▶ What is required:
The copy should begin at the line containing "DISTRESSED KNEE AND HEM CROPPED PANTS" and end with the last line below, every line exact and no picture included.

------ Information shown

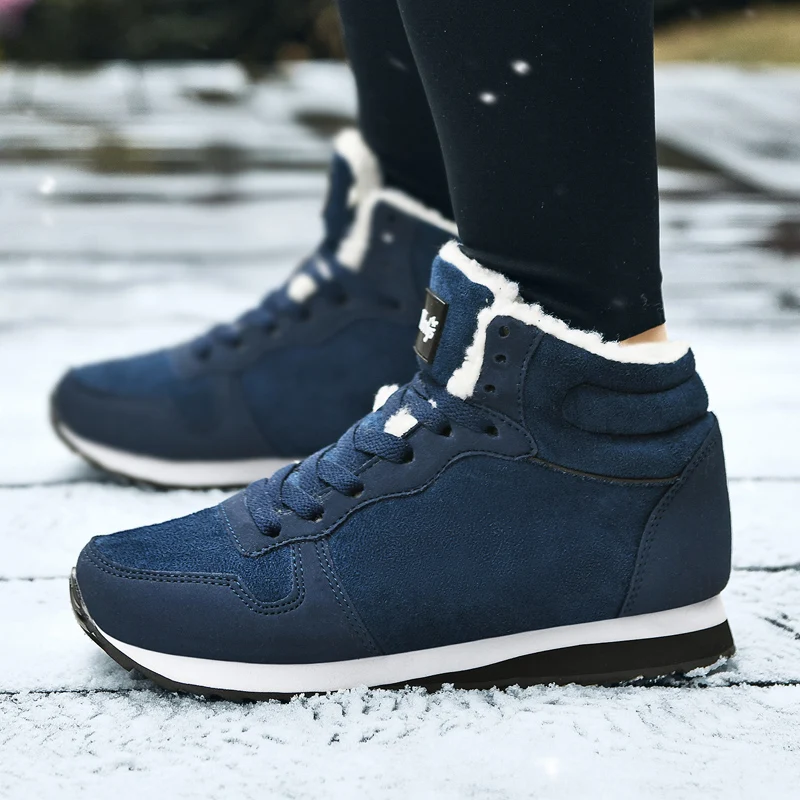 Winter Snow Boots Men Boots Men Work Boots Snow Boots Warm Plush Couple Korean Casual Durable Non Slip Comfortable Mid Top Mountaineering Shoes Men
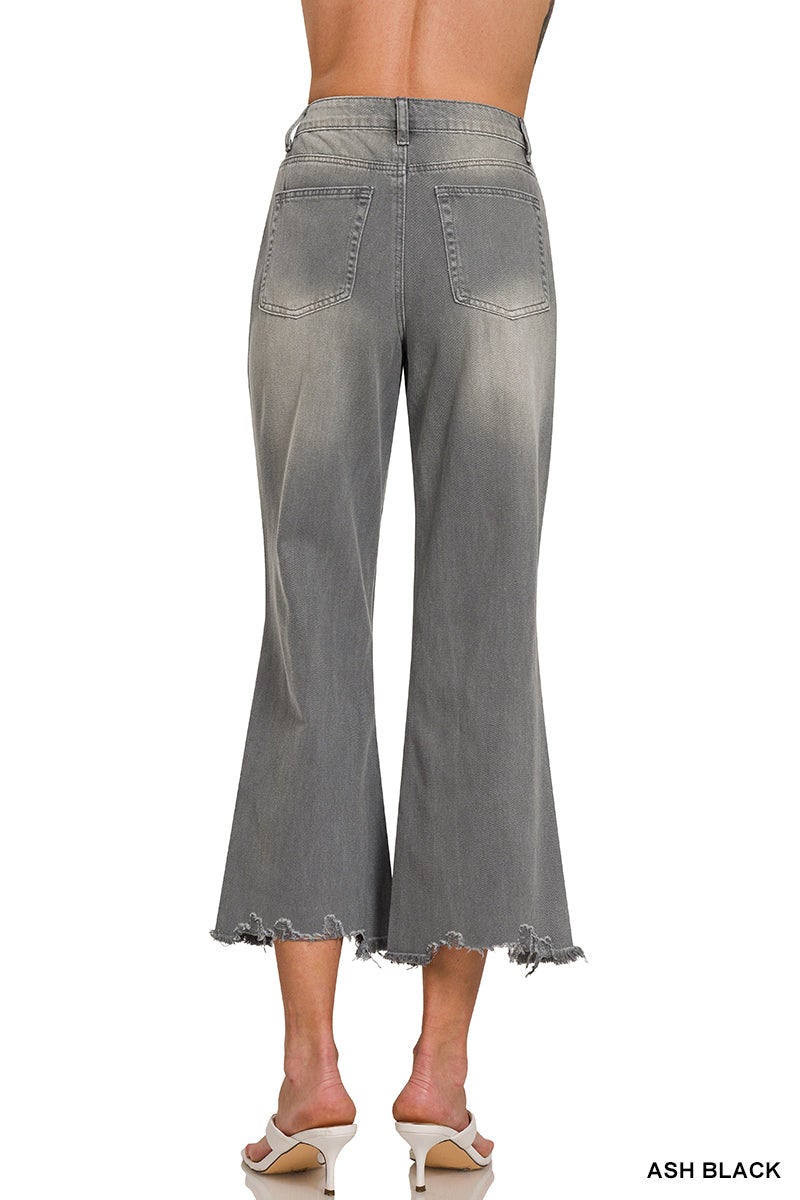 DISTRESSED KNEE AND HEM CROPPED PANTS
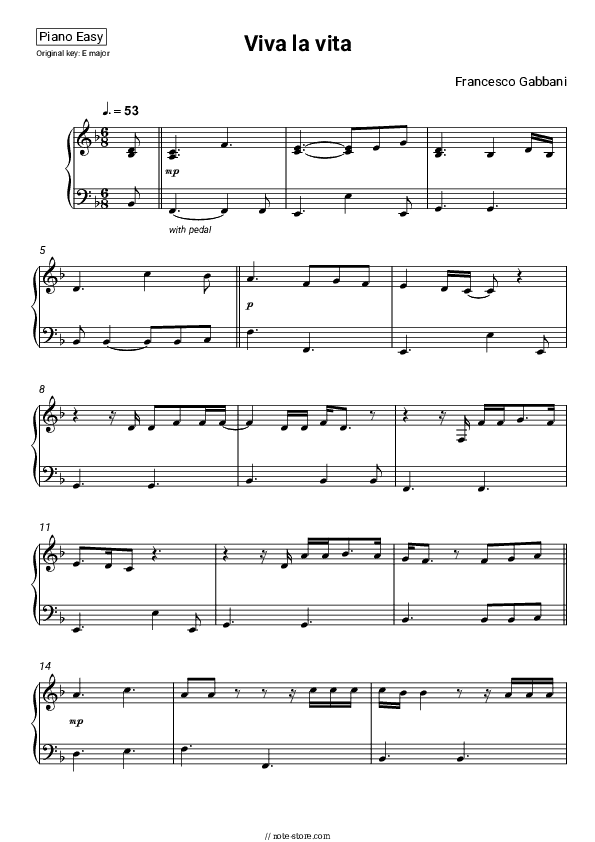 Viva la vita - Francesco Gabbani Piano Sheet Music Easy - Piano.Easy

------------

▶ Exercise response:
 DISTRESSED KNEE AND HEM CROPPED PANTS
 Viva la vita - Francesco Gabbani Piano Sheet Music Easy - Piano.Easy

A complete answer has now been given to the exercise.